**DATA PROVIDED**
*** Begin section ***
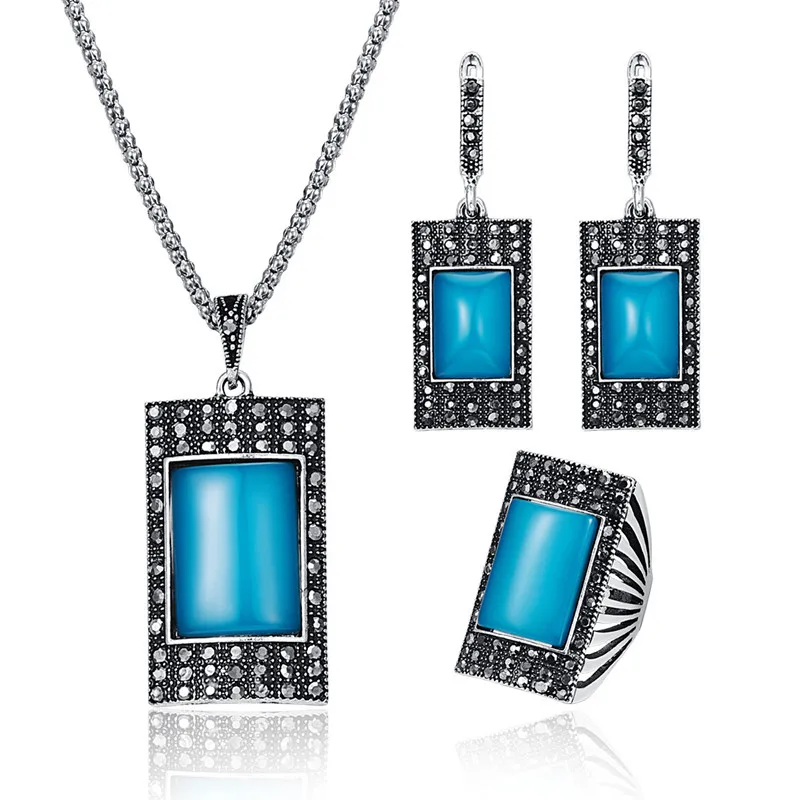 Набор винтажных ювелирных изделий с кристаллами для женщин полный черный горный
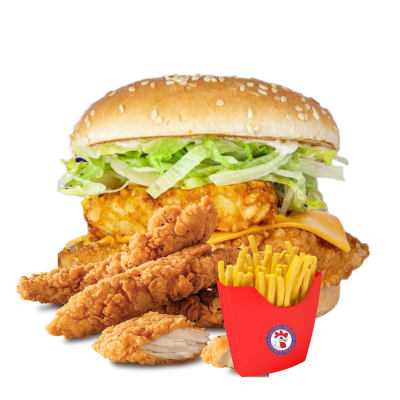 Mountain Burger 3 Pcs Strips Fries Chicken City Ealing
*** End section ***
*** Begin section ***
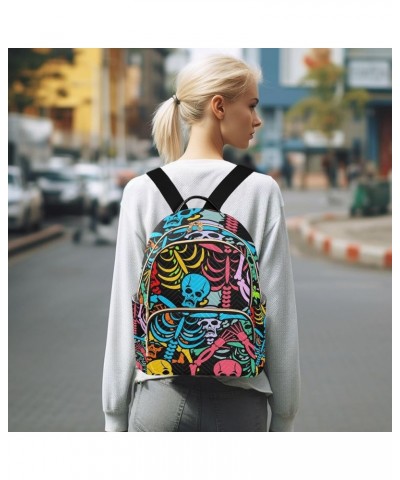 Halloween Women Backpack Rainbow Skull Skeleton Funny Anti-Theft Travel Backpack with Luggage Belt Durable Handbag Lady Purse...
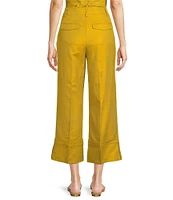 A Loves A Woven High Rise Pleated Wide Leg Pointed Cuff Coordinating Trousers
*** End section ***
*** Begin section ***
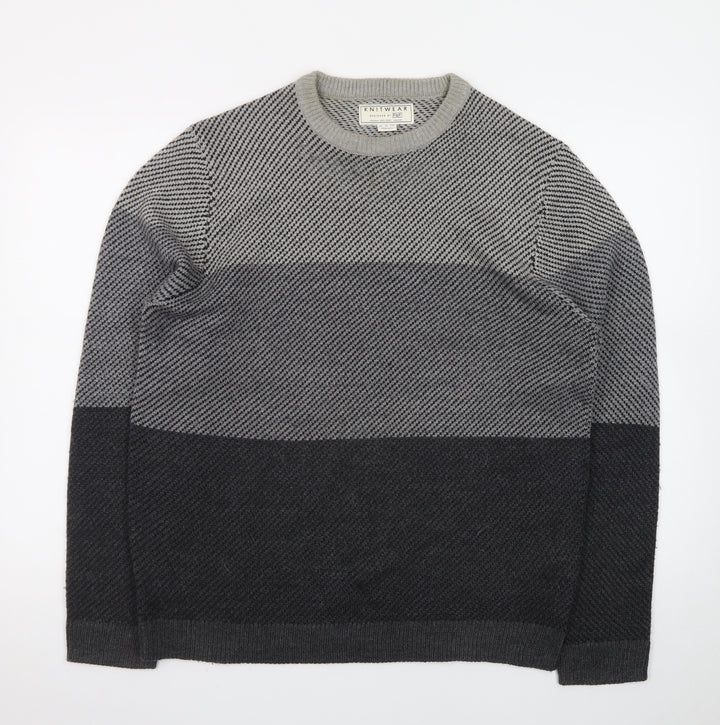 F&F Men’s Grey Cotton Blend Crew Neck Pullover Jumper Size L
*** End section ***
**WHAT YOU SHOULD DO**
With the pictures omitted, restate word for word the lines above from the line that has "Набор винтажных ювелирных" up to and including the line that has "Mountain Burger 3", and no other lines.

**ANSWER BOX**
 Набор винтажных ювелирных изделий с кристаллами для женщин полный черный горный
 Mountain Burger 3 Pcs Strips Fries Chicken City Ealing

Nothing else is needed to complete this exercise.